- PROBLEM STATEMENT:
From the line containing "4 bed semidetached" to the final line of the material below, return every line exactly. Do not include pictures.

· · · · · · ·

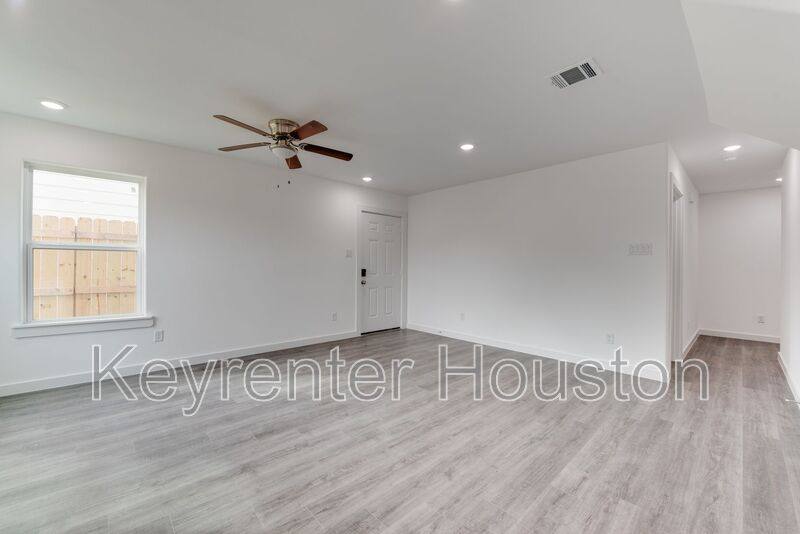 House for rent at 8126 Sterlingshire St #B, Houston, TX 77078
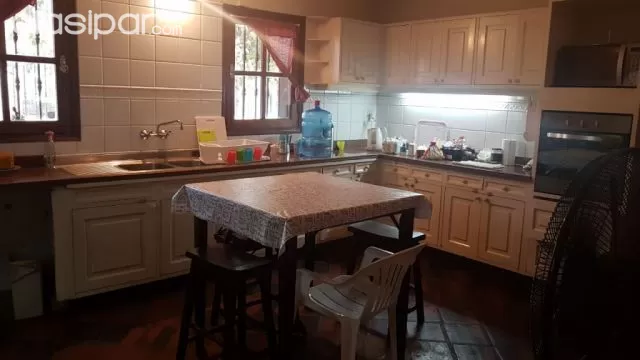 Residencia tipo colonial de 4 dorm en pleno Carmelitas — foto 5
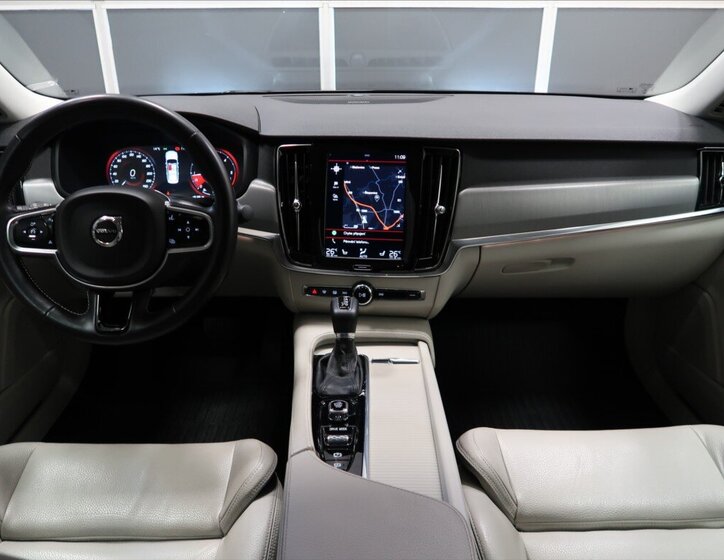 Volvo S90 Sedan / Limuzína 2,0 l 173 kw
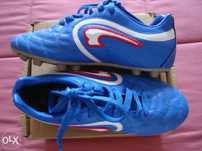 Chuteiras de futebol Kronos tamanho 36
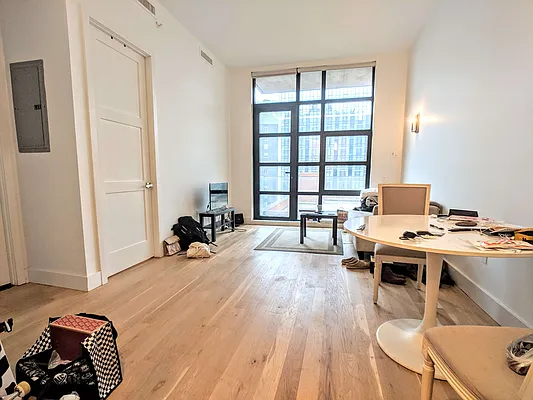 Rented by EXR | media 28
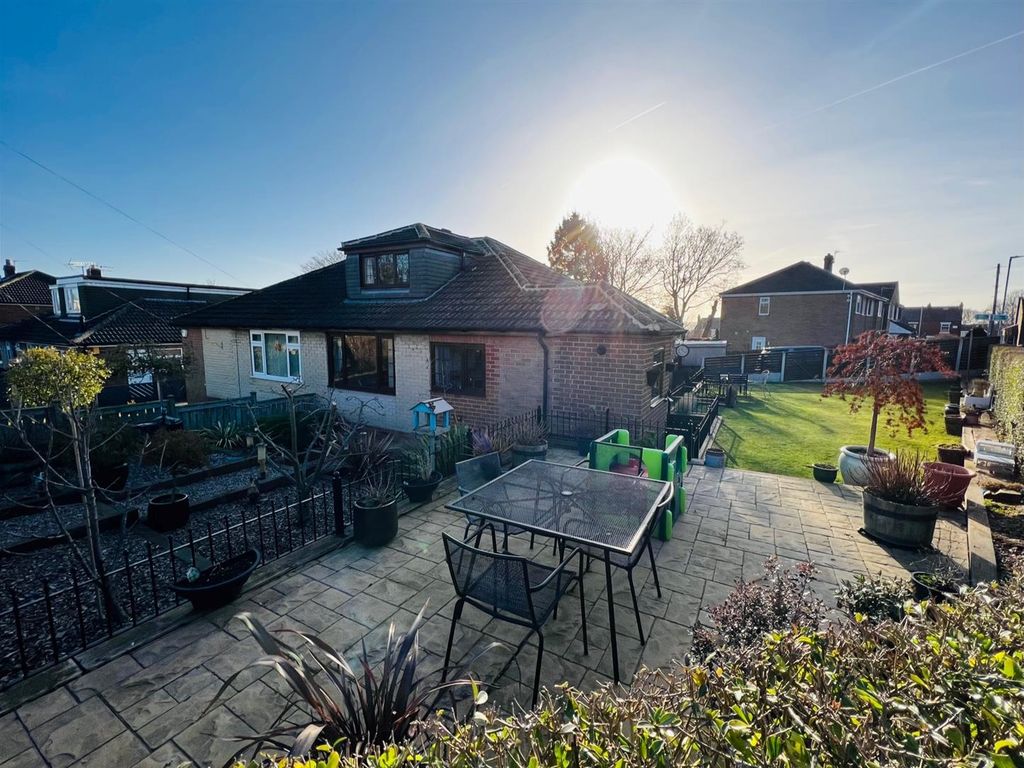 4 bed semidetached bungalow for sale in Lake Lock Drive, Stanley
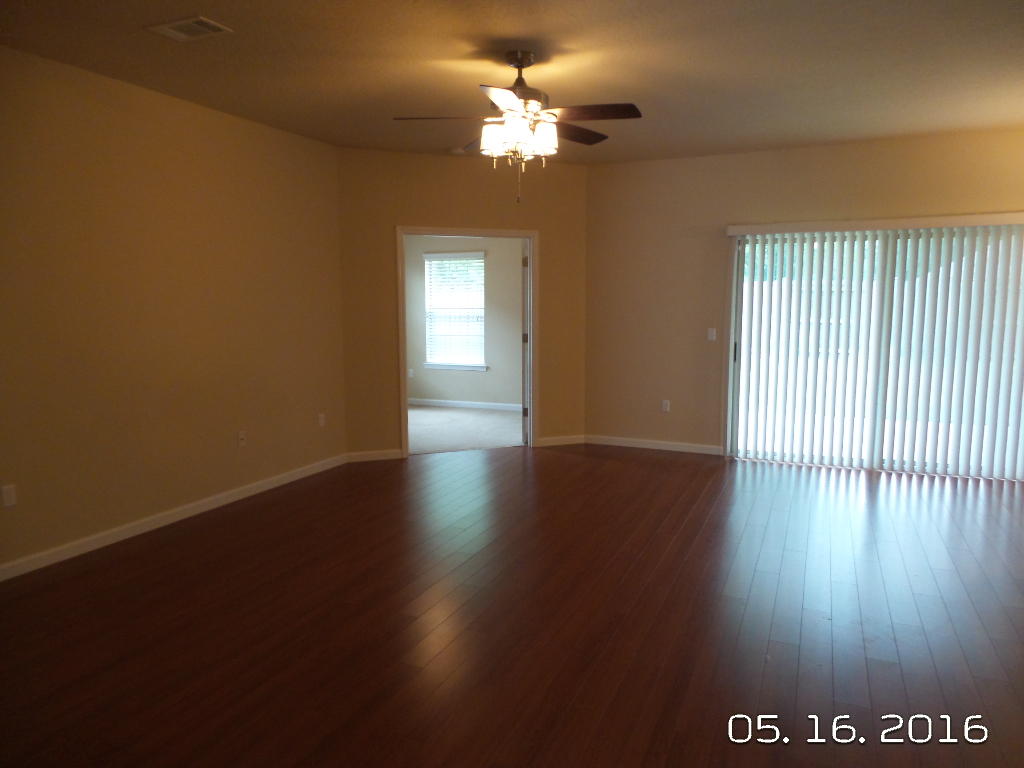 DUGGAN POND ESTATES - Residential Lease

· · · · · · ·

- PROBLEM SOLUTION:
 4 bed semidetached bungalow for sale in Lake Lock Drive, Stanley
 DUGGAN POND ESTATES - Residential Lease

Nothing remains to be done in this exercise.